SPANN: Highly-efficient Billion-scale Approximate Nearest Neighbor Search

Overview

  • Problem identified: Current ANNS are fast and have high recall, but are extremely expensive at scale (i.e. memory usage, which when large enough must be distributed –> extra problesms)
  • Idea: Efficient memory + disk hybrid indexing. Design indexing and search to minimise no. of disk accesses whilst returning quality postings.

Current Approaches

  • DiskANN:PQ in-memory vectors. Full, navigable vectors on disk. Finds candidates from in-memory, reranks based on on-disk vectors.
  • HM-ANN: Pivots points in fast memory, NSW in slow memory. 1.5x memory usage than diskANN

Slow memory is not worth the speed/cost tradeoff –> DiskANN is SOTA at billion scale.

SPANN outline

Store centroid points of inverted index, posting lists on disk. During indexing, hierachical balanced clustering. During search, query aware prune posting lists, thereby reducing disk access costs. 2x faster search latency than DiskANN.

Background.

Two approaches to billion scale ANN:

  1. Inverted index
  2. Graph based.

Inverted Index

  • Split \R_m into k voronoi regions via K means. At search, find 1-NN to centroids. THen only perform search in that region.
  • PQ to store vectors in memory
  • Subspace the vectors and generate code books. \R_m is just cartesian product of subspaces.
  • 64GB memory for 1 billion 128 dimensional vectors. Suffer from lossy compression > 60% recall@1.

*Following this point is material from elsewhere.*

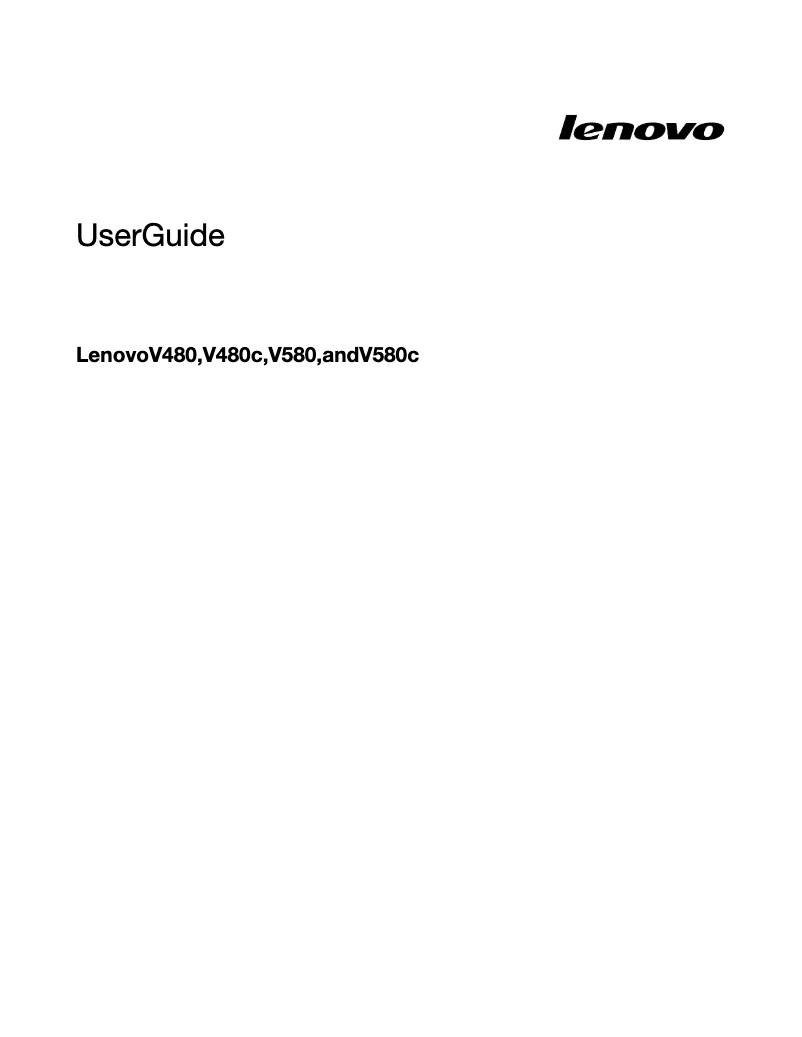Page 1 de la notice Manuel utilisateur Lenovo V480c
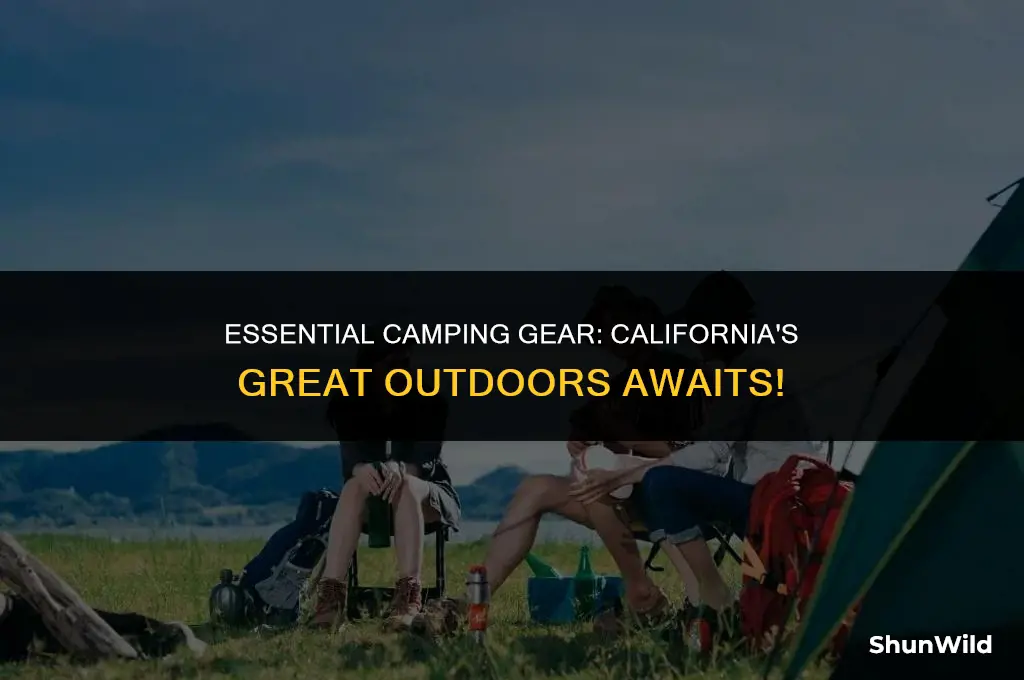 what to wear camping california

    • Can return more candidates (i.e. recall@n)
  • Ex: Multi-LOPQ, GNO-IMI

Graph Based

  • DiskANN:PQ in-memory vectors. Full, navigable vectors on disk. Finds candidates from in-memory, reranks based on on-disk vectors.
    • High disk access cost limits graph traversals and returned candiates (prior to reranking)
  • HM-ANN: Pivots points in fast memory, NSW in slow memory. 1.5x memory usage than diskANN

  • Ex: DIskANN, HM-ANN TODO: Go through references in 2. Background and related works to find seminal papers in field.

SPANN

  • In memory centroids
  • Posting lists on disk
  • Difficulties with IVF and disk
    • Need to manage posting list length, so that they can have minimal no. of disk access.
    • Small no. of post list retrievals causes boundary problems.
    • No. of postings for recall@1 for % of queries: (visited postings, %queries) -> (6, 81.78), (12), 90.48) , (114, 99.02). Long tail.
  • Above challenges are why IVF approaches have preferred lossy compression, but in memory.
  • Solutions:
    • Hierachical balanced clustering. iteratively sub cluster, stop when sub cluster <= k (for some k)
      • SPTAG for nearest posting list in memory. Space partition tree and relative neighbourhood graph as vector index (TODO: look into SPTAG)
    • epsilon-equal duplication of boundary vectors. Duplicate iff d(x, C_i) <= (1+ \epsilon) d(x, C_j)
    • Don’t fix number of posting lists for query. Dynamically select based on distance. Use postings if d(x, C_i) <= (1+ \epsilon) d(x, C_min)

Datasets for Experiments

  • SIFT1M, SIFT1B 1 million + Billion image vectors (128 dimenstions). 10000 query vectors.
  • DEEP1B: Image classification model, 96 dim
  • SPACEV1B: data from production search engine. 100 dims. 29 316 test queries.

Results

  • SPANN performs well on SIFT, but drops below on the other two ~3-5ms latency mark (whatever recall that may be).
  • SPANN has much higher latency than in-memory ANNs (no surprise)
  • Hierarchical balanced clustering had improved recall latency curves than other centroid approximations: k means and randomly.
  • Query aware dynamic pruning only marginally better latency. Benefit may be in resource usage.

Distributed

  • Natural extension for multi-machine approach. Separate into M partitions, separate K posting lists, K/M per partition.
    • Suffer from hot spotting. Make K » M, use best-fit bin-packing algorithm over historic query data.

To consider reading:

  • Liudmila Prokhorenkova and Aleksandr Shekhovtsov. 2020. Graph-based nearest neighbor search: From practice to theory. In Proceedings of the International Conference on Machine Learning (ICML). 7803–7813.